Description of the task:
Set the listing down exactly; no pictures.

Data below:
**********

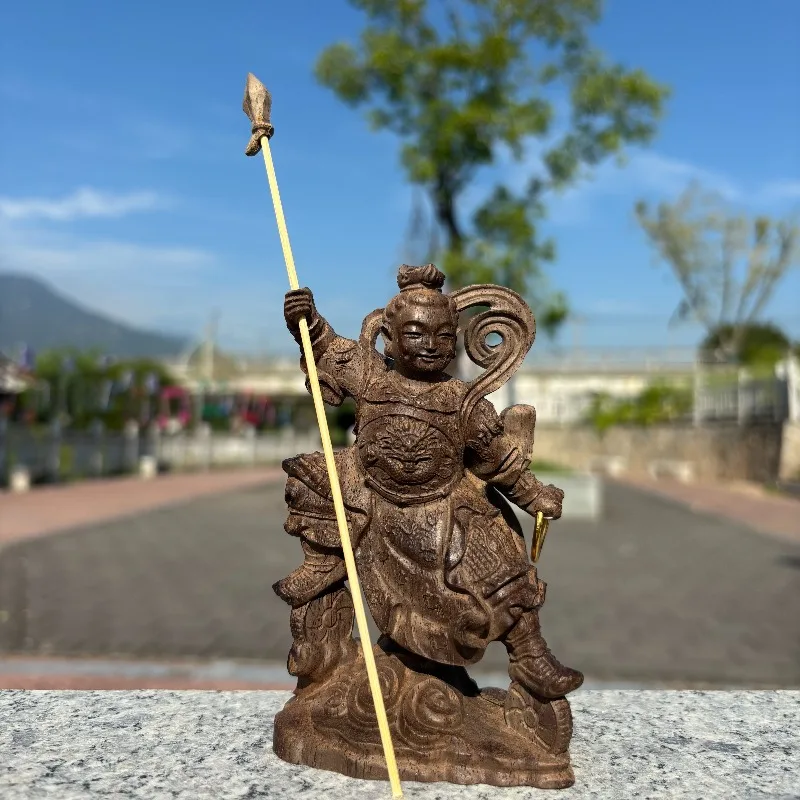 

Статуя Неша из агарового дерева ручной работы — 4,3-дюймовый китайский домашний декор фэн-шуй, деревянная скульптура Бога, отображение алтаря, коллекционная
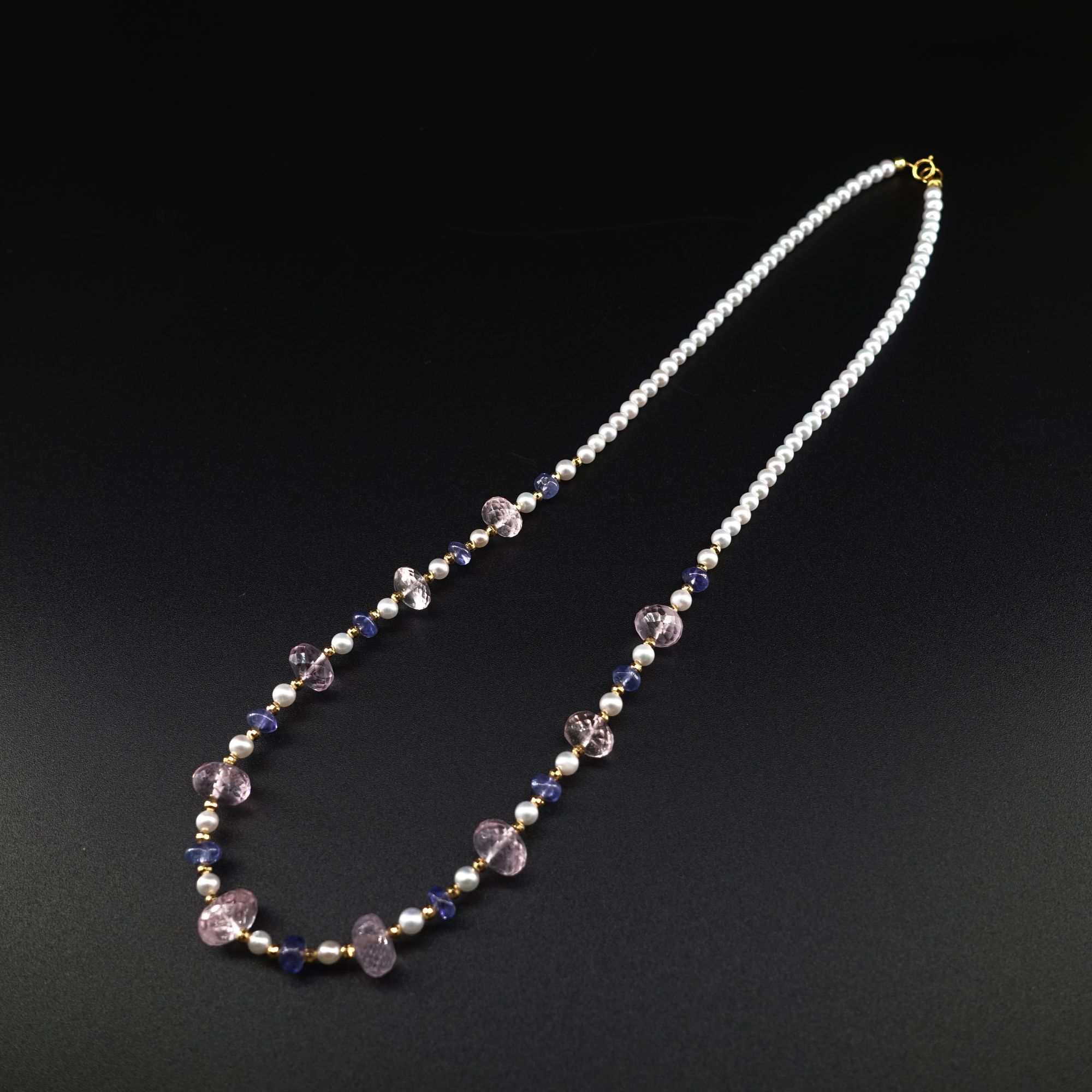 JUSTARRY【1201】18k金天然淡水珍珠摩根坦桑锁骨链（定位扣非18k金）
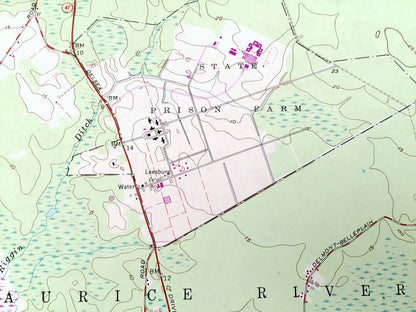 Antique Heislerville, New Jersey 1957 US Geological Survey Topographic Map – Cumberland, Cape May County, Maurice River, Delmont, NJ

**********

Written answer:
Статуя Неша из агарового дерева ручной работы — 4,3-дюймовый китайский домашний декор фэн-шуй, деревянная скульптура Бога, отображение алтаря, коллекционная
 JUSTARRY【1201】18k金天然淡水珍珠摩根坦桑锁骨链（定位扣非18k金）
 Antique Heislerville, New Jersey 1957 US Geological Survey Topographic Map – Cumberland, Cape May County, Maurice River, Delmont, NJ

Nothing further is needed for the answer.